Thu, 19 Dec 2002

Bills to preserve, popularize Sundanese culture

Yuli Tri Suwarni The Jakarta Post Bandung, West Java

The West Java legislative council and provincial administration are deliberating three bills to prevent Sundanese culture and literature from becoming extinct in the future amid the rapid drive of modern development.

If endorsed, the bills will include the Sundanese language as a mandatory subject in the curricula of elementary, junior and senior high schools in West Java.

The bills will also allow the local government to issue a decree ordering relevant authorities to name public facilities in the Sundanese language in order to popularize the language.

The three bills comprise a draft ruling on the preservation of the Sundanese language, literature and alphabet; a draft regulation on the preservation of local arts; and a draft law on the management of Sundanese archeology, history, museums and traditional values.

West Java Governor R. Nuriana told journalists on Tuesday that if the bills are passed into law, the Sundanese language would be treated on a par with, or higher than, the national and foreign languages.

The three bills were drafted to preserve the local culture, which he said was facing the threat of extinction.

"The longer time passes, the more seldom the people in West Java, mostly of Sundanese ethnicity, speak Sundanese. At the same time, many archeological treasures have disappeared or have been damaged as we do not preserve them," he added.

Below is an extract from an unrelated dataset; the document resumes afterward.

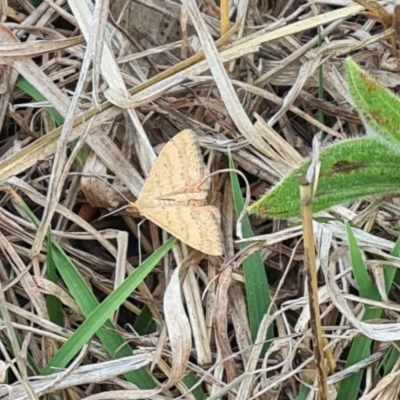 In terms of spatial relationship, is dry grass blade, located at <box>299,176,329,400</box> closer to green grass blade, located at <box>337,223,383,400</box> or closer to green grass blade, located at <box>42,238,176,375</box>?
green grass blade, located at <box>337,223,383,400</box>

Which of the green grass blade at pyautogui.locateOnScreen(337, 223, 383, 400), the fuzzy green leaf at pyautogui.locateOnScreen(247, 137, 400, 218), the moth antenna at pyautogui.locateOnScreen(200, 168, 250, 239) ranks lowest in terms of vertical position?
the green grass blade at pyautogui.locateOnScreen(337, 223, 383, 400)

Ahmad Saelan, secretary of a special committee at the West Java legislative council which will deliberate the bills, said most legislators support the draft laws.

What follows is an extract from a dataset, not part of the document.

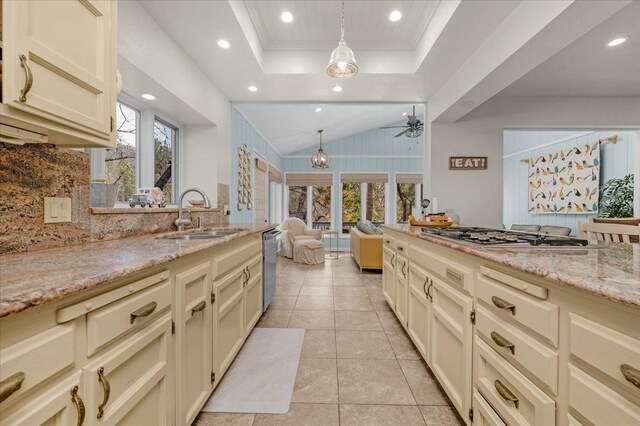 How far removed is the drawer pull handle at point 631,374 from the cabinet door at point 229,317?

Quoting Sundanese culture researcher Tatang Soemarsono, Saelan said only 35.4 percent, or less than 10 million out of 36.2 million, of people in West Java speak Sundanese as their native language.

Around 47.5 percent of ethnic Sundanese families communicate in a mixed Sundanese and Indonesian language, while the remaining only speak the Indonesian language, he added.

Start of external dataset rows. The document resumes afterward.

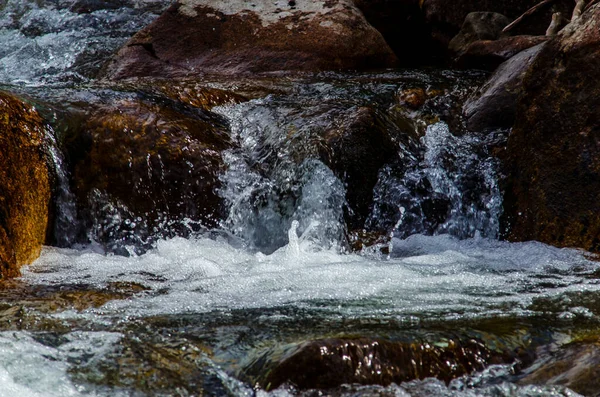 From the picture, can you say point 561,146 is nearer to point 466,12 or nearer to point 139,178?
point 139,178

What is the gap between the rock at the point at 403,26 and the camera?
933 cm

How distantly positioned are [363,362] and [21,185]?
277 centimetres

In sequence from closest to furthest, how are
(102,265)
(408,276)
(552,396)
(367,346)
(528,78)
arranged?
(552,396) < (367,346) < (408,276) < (102,265) < (528,78)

The council started deliberating the three bills in the middle of last month and would pass them into law by the end of December.

Saelan denied rumors that the bills were drafted as a response to the much-criticized excavation of the historical Batu Tulis site in the West Java city of Bogor, which was ordered by Minister of Religious Affairs Said Agiel Munawar.

A number of Sundanese figures strongly protested the minister and sued him for the excavation, which they claimed was illegal. A court in West Java dismissed the lawsuit, however.